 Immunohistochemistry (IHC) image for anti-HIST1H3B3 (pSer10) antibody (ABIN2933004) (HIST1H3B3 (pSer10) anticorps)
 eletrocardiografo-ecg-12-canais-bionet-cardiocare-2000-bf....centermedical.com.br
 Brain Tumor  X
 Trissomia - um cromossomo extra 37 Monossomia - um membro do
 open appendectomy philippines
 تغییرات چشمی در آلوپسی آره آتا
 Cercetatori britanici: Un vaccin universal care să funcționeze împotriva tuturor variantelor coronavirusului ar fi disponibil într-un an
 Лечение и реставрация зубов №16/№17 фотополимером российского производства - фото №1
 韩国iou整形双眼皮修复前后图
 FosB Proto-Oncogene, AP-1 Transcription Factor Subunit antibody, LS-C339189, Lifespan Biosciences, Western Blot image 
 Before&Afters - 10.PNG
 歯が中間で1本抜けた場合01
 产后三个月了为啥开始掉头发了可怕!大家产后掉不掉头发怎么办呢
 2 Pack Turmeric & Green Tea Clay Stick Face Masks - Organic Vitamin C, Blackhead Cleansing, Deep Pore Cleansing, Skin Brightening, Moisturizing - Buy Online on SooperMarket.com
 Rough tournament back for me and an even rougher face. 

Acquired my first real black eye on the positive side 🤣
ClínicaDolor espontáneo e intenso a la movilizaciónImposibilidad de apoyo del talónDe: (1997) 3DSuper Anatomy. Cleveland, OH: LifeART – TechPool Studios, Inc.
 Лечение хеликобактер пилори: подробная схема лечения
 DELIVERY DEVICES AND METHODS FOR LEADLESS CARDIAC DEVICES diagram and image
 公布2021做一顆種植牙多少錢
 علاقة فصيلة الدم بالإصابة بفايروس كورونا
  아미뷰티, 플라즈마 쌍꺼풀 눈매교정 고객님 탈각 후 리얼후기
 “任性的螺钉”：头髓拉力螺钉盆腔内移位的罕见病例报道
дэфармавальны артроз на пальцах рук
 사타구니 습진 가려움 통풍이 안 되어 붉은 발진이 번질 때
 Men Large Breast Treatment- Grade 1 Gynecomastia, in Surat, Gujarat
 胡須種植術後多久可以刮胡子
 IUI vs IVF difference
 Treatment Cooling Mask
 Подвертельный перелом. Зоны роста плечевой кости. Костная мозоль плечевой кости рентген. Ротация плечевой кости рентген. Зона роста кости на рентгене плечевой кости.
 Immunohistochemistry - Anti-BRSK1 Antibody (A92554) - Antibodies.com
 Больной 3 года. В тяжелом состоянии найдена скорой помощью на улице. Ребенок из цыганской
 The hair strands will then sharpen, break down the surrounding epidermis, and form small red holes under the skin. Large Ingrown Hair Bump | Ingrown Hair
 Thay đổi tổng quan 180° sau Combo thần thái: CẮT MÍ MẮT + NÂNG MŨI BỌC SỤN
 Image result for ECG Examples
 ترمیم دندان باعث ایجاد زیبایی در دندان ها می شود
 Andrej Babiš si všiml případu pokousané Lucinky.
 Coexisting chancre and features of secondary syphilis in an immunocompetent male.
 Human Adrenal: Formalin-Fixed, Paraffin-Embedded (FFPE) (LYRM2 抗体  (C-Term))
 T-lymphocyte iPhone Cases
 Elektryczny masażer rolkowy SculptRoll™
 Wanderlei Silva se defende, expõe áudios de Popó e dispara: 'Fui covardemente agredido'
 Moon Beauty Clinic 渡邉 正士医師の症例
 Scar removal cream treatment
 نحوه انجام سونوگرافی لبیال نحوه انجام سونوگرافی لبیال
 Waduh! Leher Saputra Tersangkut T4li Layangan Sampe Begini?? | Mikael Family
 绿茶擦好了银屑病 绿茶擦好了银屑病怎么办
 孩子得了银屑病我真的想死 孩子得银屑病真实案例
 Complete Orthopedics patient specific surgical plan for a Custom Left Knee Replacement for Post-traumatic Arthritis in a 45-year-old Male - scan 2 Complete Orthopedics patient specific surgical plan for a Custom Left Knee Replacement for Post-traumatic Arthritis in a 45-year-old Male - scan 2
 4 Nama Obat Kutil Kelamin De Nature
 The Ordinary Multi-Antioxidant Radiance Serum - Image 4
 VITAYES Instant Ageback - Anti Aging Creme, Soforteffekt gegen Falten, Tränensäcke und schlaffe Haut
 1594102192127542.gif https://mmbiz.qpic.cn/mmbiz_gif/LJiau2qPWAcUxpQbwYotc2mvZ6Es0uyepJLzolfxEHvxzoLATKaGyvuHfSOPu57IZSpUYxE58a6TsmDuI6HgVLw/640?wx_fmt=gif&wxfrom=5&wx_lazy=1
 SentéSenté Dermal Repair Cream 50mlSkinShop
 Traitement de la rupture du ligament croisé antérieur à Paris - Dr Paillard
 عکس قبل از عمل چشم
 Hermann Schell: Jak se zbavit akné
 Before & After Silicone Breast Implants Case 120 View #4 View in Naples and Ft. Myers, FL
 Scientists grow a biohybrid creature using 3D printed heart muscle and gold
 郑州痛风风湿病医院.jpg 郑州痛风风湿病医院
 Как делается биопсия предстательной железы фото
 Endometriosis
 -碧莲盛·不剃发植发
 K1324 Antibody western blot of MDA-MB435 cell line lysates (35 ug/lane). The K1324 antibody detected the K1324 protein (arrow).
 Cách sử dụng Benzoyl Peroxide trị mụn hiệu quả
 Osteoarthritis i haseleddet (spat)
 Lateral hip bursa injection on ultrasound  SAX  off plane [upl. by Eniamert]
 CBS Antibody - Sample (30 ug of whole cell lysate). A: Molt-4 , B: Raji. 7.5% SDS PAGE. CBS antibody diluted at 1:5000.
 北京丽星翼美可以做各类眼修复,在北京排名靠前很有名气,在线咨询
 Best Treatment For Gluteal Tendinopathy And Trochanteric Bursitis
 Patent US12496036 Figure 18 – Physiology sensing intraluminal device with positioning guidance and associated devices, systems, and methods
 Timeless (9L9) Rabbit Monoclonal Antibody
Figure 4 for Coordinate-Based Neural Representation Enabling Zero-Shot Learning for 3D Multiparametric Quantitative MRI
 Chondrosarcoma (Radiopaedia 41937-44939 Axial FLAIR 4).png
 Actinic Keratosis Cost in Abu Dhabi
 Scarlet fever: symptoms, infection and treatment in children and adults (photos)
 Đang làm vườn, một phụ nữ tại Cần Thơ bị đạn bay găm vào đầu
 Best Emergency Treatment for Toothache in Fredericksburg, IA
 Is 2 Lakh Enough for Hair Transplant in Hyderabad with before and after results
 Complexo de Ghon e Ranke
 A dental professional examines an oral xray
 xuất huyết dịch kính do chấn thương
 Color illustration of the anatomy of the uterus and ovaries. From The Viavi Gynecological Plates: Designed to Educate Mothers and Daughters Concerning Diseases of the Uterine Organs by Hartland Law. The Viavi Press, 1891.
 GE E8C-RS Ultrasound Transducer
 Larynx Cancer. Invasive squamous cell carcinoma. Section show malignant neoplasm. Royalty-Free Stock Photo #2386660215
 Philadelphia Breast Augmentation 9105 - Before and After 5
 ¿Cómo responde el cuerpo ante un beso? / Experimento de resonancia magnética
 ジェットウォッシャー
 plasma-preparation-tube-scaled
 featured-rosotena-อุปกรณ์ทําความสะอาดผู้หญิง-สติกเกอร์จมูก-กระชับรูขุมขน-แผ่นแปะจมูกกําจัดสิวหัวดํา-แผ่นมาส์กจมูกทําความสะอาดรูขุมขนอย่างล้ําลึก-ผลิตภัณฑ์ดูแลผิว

**EXERCISE REQUIREMENTS:** Would you retype the lines above from the one with "孩子得了银屑病我真的想死 孩子得银屑病真实案例" down to the one with "Patent US12496036 Figure", word for word, both ends included and no other lines?

**REPLY TO THE EXERCISE:**
 孩子得了银屑病我真的想死 孩子得银屑病真实案例
 Complete Orthopedics patient specific surgical plan for a Custom Left Knee Replacement for Post-traumatic Arthritis in a 45-year-old Male - scan 2 Complete Orthopedics patient specific surgical plan for a Custom Left Knee Replacement for Post-traumatic Arthritis in a 45-year-old Male - scan 2
 4 Nama Obat Kutil Kelamin De Nature
 The Ordinary Multi-Antioxidant Radiance Serum - Image 4
 VITAYES Instant Ageback - Anti Aging Creme, Soforteffekt gegen Falten, Tränensäcke und schlaffe Haut
 1594102192127542.gif https://mmbiz.qpic.cn/mmbiz_gif/LJiau2qPWAcUxpQbwYotc2mvZ6Es0uyepJLzolfxEHvxzoLATKaGyvuHfSOPu57IZSpUYxE58a6TsmDuI6HgVLw/640?wx_fmt=gif&wxfrom=5&wx_lazy=1
 SentéSenté Dermal Repair Cream 50mlSkinShop
 Traitement de la rupture du ligament croisé antérieur à Paris - Dr Paillard
 عکس قبل از عمل چشم
 Hermann Schell: Jak se zbavit akné
 Before & After Silicone Breast Implants Case 120 View #4 View in Naples and Ft. Myers, FL
 Scientists grow a biohybrid creature using 3D printed heart muscle and gold
 郑州痛风风湿病医院.jpg 郑州痛风风湿病医院
 Как делается биопсия предстательной железы фото
 Endometriosis
 -碧莲盛·不剃发植发
 K1324 Antibody western blot of MDA-MB435 cell line lysates (35 ug/lane). The K1324 antibody detected the K1324 protein (arrow).
 Cách sử dụng Benzoyl Peroxide trị mụn hiệu quả
 Osteoarthritis i haseleddet (spat)
 Lateral hip bursa injection on ultrasound  SAX  off plane [upl. by Eniamert]
 CBS Antibody - Sample (30 ug of whole cell lysate). A: Molt-4 , B: Raji. 7.5% SDS PAGE. CBS antibody diluted at 1:5000.
 北京丽星翼美可以做各类眼修复,在北京排名靠前很有名气,在线咨询
 Best Treatment For Gluteal Tendinopathy And Trochanteric Bursitis
 Patent US12496036 Figure 18 – Physiology sensing intraluminal device with positioning guidance and associated devices, systems, and methods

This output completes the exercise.